↓↓↓

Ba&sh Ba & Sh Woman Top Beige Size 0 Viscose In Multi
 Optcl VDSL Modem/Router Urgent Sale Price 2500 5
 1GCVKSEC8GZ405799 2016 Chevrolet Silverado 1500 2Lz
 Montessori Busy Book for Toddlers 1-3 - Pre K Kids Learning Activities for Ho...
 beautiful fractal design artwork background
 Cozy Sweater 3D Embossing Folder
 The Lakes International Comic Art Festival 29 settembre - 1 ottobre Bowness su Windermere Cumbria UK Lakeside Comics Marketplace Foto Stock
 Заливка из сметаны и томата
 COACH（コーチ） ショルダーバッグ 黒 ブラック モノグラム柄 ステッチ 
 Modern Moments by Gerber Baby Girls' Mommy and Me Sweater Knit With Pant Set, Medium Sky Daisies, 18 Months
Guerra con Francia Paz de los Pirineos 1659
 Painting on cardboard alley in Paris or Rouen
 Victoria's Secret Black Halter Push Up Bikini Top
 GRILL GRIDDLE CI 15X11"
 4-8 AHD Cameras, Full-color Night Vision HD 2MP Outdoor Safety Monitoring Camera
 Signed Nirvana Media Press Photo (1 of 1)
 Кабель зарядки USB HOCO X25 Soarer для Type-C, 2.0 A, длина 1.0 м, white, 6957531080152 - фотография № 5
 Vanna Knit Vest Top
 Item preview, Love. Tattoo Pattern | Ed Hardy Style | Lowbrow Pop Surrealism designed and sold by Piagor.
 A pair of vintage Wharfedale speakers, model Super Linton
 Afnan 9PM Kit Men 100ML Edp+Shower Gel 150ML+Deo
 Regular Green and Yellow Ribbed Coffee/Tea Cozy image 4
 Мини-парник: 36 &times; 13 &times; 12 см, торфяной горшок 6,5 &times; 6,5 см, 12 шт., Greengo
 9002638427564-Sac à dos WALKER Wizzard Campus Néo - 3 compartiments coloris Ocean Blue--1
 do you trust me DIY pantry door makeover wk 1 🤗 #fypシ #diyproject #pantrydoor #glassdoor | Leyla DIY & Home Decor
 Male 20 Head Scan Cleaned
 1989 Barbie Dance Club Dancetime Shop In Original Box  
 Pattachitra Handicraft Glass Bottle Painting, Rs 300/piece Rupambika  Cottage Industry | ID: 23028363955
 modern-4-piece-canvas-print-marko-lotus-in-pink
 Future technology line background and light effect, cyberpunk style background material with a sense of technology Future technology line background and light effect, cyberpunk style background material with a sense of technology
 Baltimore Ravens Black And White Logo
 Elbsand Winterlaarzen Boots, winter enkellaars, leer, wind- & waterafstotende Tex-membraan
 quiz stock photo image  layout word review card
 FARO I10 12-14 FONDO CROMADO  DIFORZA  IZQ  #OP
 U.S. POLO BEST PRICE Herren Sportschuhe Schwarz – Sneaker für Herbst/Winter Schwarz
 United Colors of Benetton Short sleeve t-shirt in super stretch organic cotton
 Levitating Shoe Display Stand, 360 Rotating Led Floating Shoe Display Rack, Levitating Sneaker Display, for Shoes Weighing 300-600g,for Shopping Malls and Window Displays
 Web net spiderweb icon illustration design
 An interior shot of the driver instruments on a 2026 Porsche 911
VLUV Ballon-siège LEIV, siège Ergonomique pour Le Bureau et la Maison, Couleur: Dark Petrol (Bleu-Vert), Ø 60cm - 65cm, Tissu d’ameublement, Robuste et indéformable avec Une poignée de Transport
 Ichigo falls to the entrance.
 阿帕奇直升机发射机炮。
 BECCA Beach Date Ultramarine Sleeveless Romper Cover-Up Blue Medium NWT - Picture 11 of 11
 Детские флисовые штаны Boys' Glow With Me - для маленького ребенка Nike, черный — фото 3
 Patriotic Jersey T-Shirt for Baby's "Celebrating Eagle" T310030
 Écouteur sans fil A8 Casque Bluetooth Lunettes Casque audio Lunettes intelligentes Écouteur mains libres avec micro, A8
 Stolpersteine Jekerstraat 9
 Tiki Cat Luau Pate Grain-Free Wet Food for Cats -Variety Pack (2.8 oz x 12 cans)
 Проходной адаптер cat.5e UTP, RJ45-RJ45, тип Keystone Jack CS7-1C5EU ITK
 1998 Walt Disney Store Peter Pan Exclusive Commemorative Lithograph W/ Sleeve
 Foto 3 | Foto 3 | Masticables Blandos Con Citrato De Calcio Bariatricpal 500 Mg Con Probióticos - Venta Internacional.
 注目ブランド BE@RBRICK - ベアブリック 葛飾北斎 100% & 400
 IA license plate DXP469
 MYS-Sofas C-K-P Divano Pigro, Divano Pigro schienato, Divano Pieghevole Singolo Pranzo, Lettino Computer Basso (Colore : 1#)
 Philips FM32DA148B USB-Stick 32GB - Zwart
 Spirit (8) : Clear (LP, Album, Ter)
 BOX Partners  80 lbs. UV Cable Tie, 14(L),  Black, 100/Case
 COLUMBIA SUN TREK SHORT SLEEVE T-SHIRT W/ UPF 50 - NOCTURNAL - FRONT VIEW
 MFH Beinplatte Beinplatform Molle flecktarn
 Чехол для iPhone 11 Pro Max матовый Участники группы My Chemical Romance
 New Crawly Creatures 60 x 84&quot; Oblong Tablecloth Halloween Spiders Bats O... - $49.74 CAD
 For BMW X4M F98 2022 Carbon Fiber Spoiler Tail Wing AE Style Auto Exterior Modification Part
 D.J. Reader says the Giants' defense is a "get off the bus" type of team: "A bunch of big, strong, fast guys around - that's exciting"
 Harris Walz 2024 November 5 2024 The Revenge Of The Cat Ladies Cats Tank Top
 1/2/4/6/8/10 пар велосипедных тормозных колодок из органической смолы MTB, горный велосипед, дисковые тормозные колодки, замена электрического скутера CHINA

↑↑↑

# Task to carry out:
Using the records, work out how many lines include "Sneaker", and reply with that number alone.

# Result of the exercise:
2